Camion-benne - première partie

Développement et évolution du camion-benne hors route
Première partie

Avant le camion
Avec la révolution industrielle, en plus de la construction de chemins de fer, vint une demande accrue en charbon et en minerai. La pelle mécanique, inventée au dix-neuvième siècle, permettait d'excaver tous ces matériaux mais les moyens de les transporter demeuraient limités. Si on exclut la charrette et la traction animale, le seul moyen existant à l'époque était le train : des voies ferrées devaient être installées entre les sites d'excavation et de déchargement et le matériel était alors chargé dans des wagons. Cette méthode, quoique peu flexible mais efficace dans certaines conditions, est très coûteuse et l'adhérence limitée des locomotives nécessite des pentes douces et des courbes à grands rayons.

 
La mine de charbon de Sandaoling en Chine, utilisait toujours des locomotives à vapeur au vingt-et-unième siècle. Elles remorquent des trains de wagons tombereaux à déchargement latéral pour transporter le charbon entre les sites d'extraction et de traitement primaire.

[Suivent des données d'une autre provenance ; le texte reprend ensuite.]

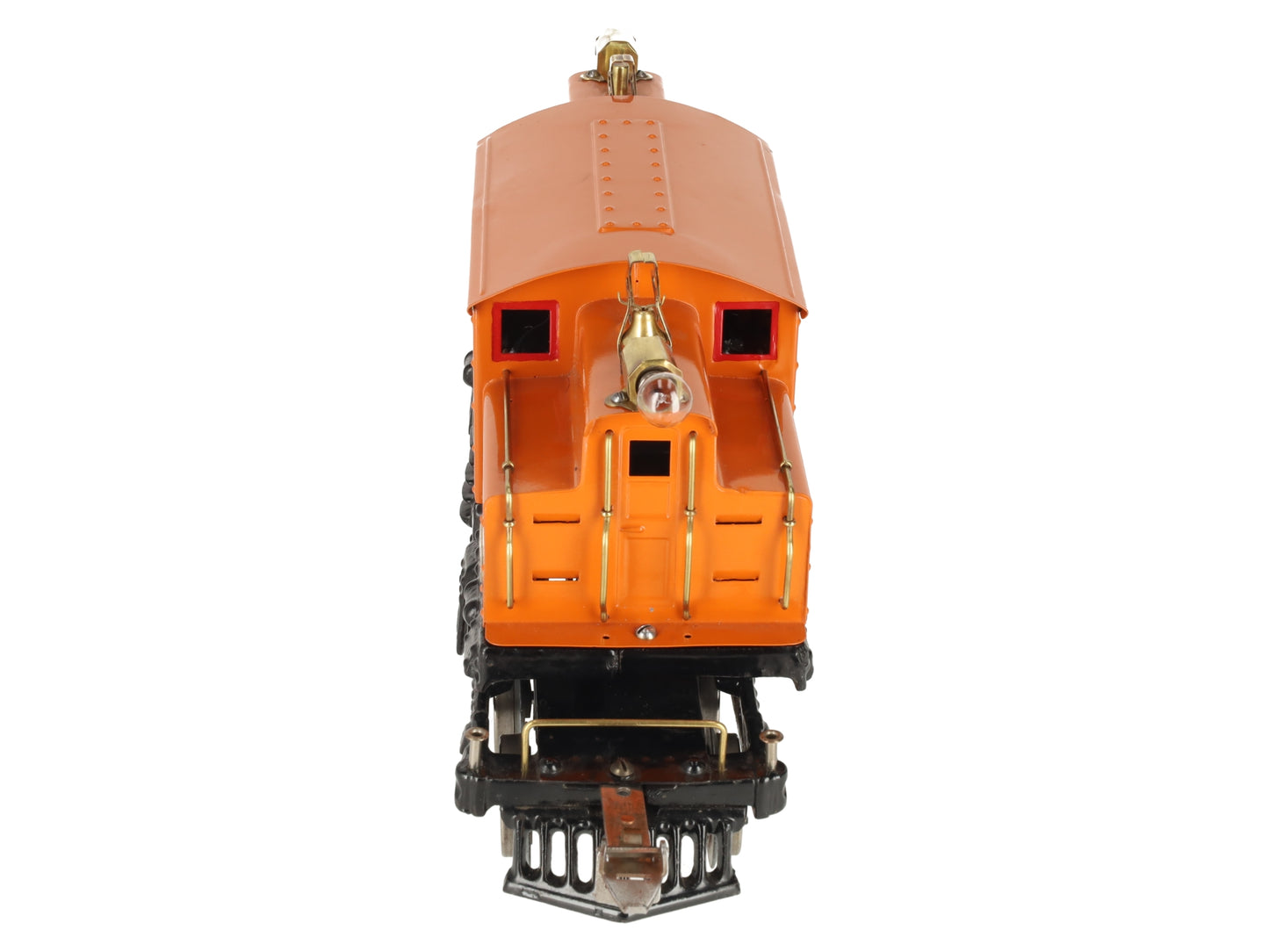 Ives 3243R Vintage Standard Gauge NYC Prewar Electric Locomotive - Repainted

Les premiers camions-bennes
Il faudra attendre le début du vingtième siècle pour que la généralisation du moteur à combustion interne apporte des alternatives au train. Des tracteurs chenillés, lents mais capables de remorquer de lourdes charges sur des sols meubles furent d'abord employés pour tirer des tombereaux.

Une pelle mécanique Insley charge un tombereau, dont la fabrication remonte à l'époque du cheval de trait, tiré par un tracteur Holt de cinq tonnes. Plusieurs de ces tombereaux étaient généralement attelés au tracteur, compensant en partie sa lenteur. Le bois fut remplacé par l'acier dans la fabrication des tombereaux au début du vingtième siècle. Notez les leviers utilisés par le second opérateur pour ouvrir et fermer la trappe ventrale.

Vinrent ensuite les premiers camions routiers qui faisaient piètre figure lorsque soumis aux rigueurs et aux abus de l'excavation à grande échelle. La benne, la suspension et le châssis étaient particulièrement malmenés lorsque ces camions étaient chargés par une excavatrice. Ils s'enlisaient aussi fréquemment sur les routes non pavées.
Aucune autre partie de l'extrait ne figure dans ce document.